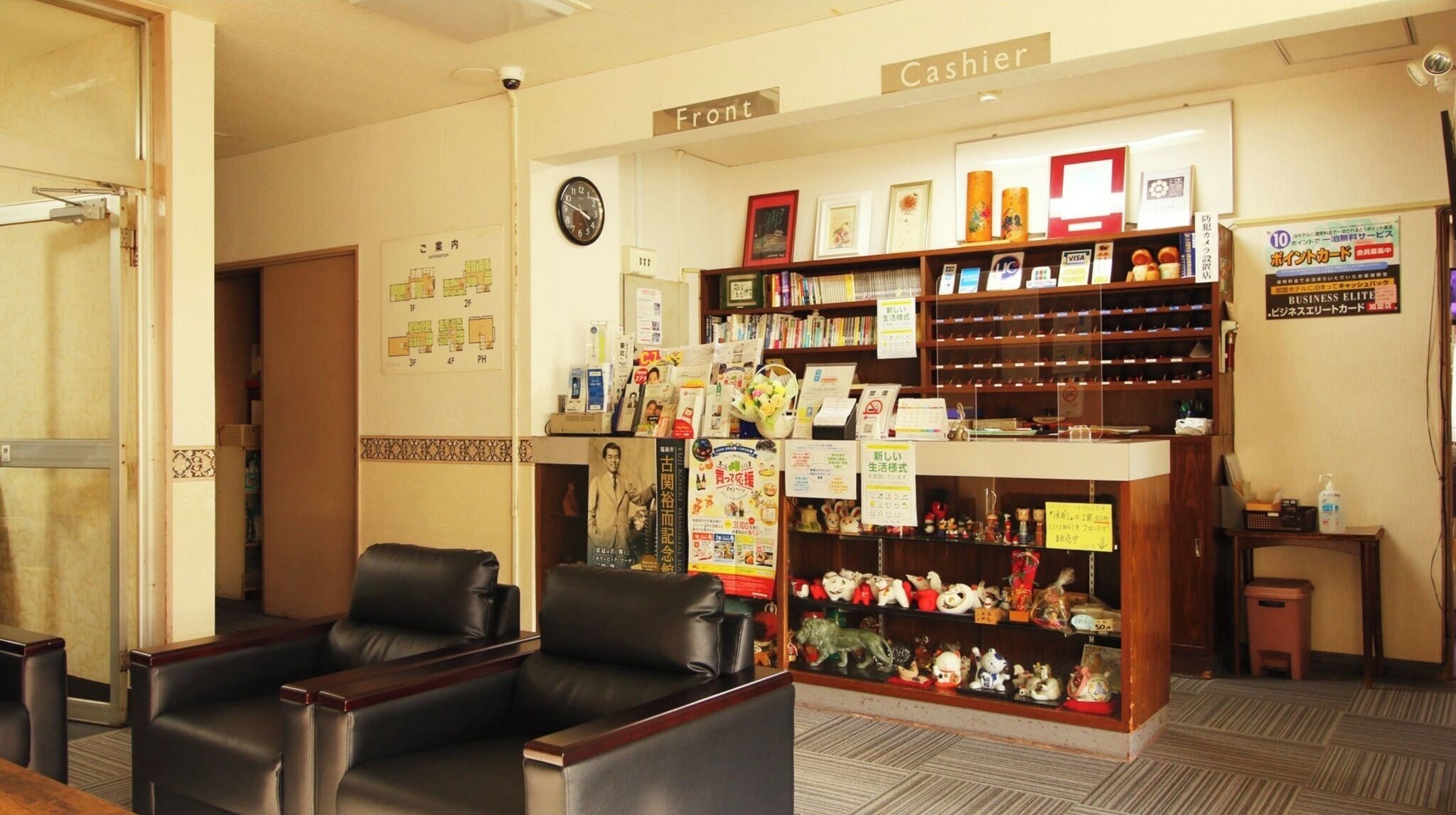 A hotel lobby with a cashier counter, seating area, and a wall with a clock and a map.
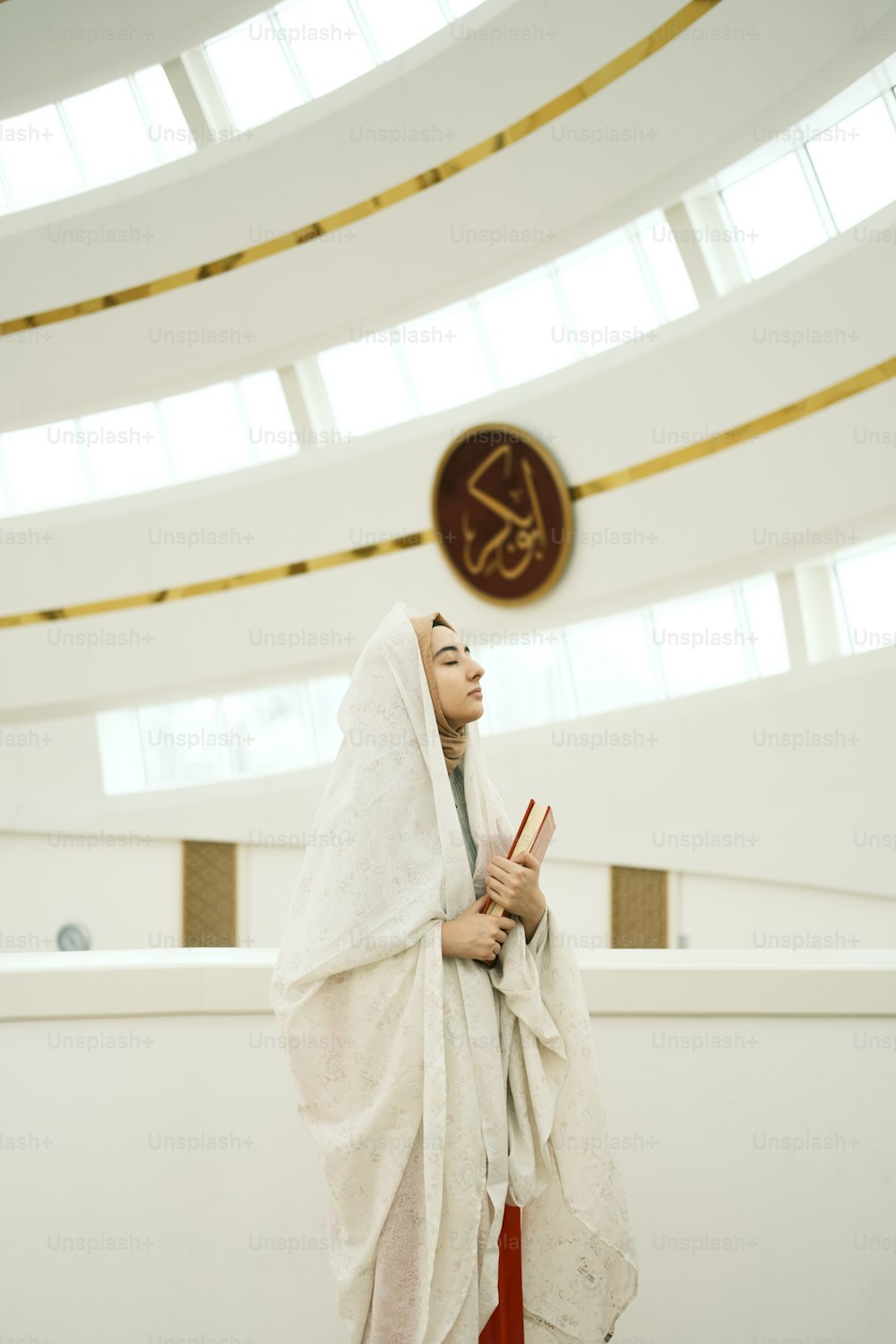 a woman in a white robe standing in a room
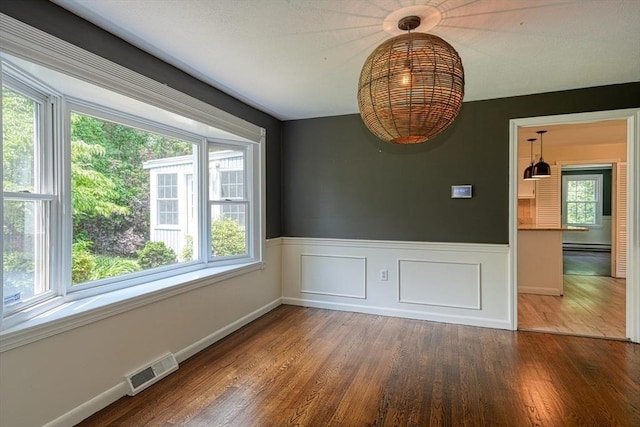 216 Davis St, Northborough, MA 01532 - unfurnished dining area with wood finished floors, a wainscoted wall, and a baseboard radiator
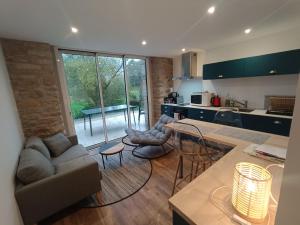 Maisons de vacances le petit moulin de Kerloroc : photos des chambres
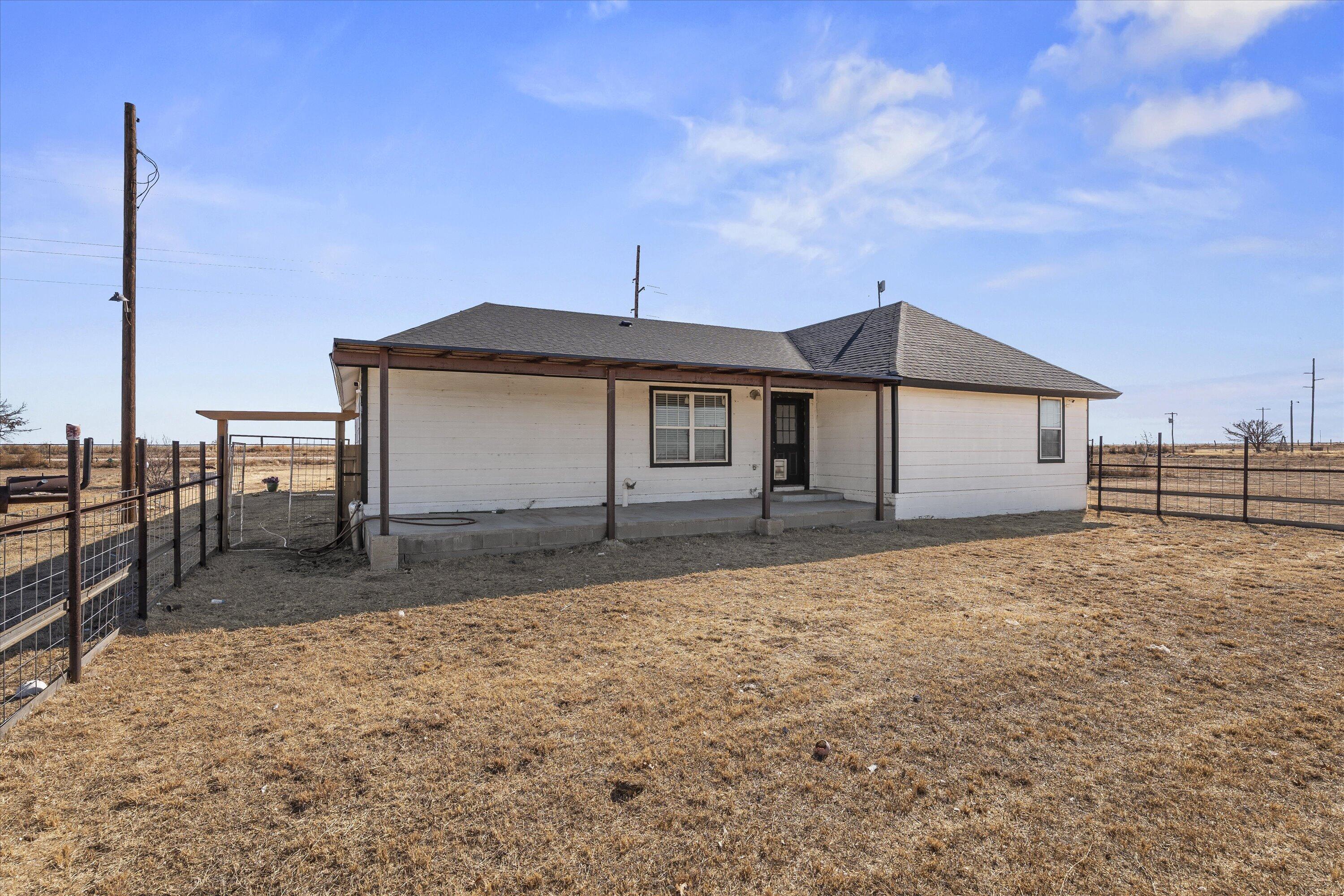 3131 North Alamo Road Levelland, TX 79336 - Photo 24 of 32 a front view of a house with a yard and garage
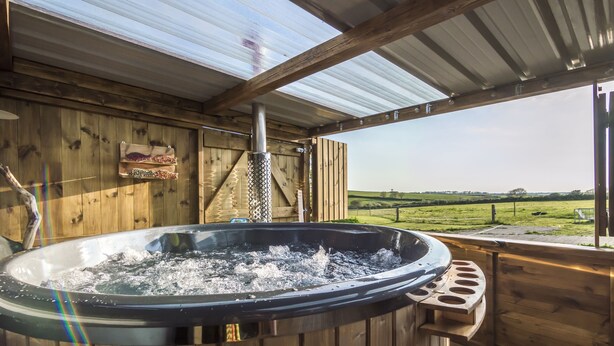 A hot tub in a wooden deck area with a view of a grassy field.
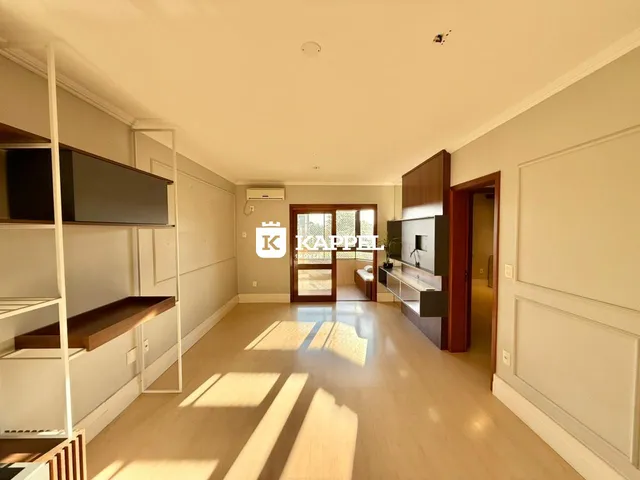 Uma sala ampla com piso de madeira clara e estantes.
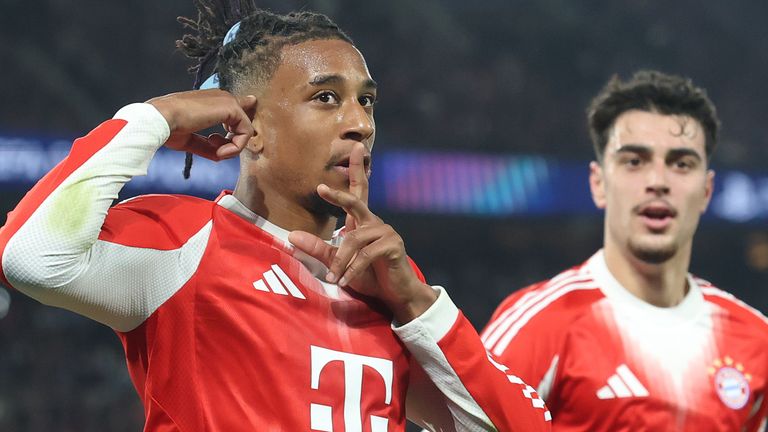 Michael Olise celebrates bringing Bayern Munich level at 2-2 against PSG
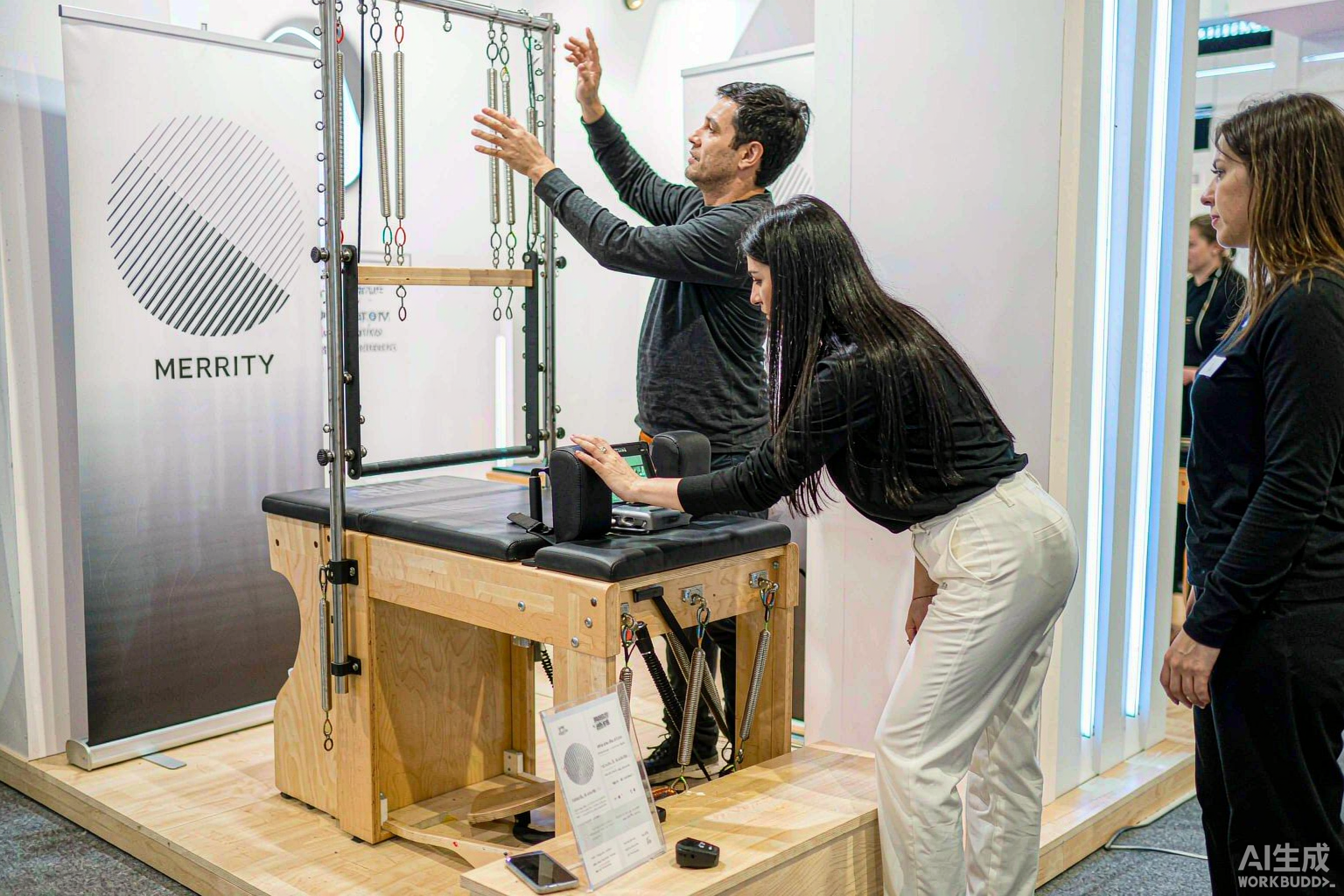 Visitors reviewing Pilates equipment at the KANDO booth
------------------------
● **Problem**:
Quote exactly, and only, the lines from the line containing "3131 North Alamo" through the final line of the records above, both included, omitting any pictures.

● **The completed task**:
 3131 North Alamo Road Levelland, TX 79336 - Photo 24 of 32 a front view of a house with a yard and garage
 A hot tub in a wooden deck area with a view of a grassy field.
 Uma sala ampla com piso de madeira clara e estantes.
 Michael Olise celebrates bringing Bayern Munich level at 2-2 against PSG
 Visitors reviewing Pilates equipment at the KANDO booth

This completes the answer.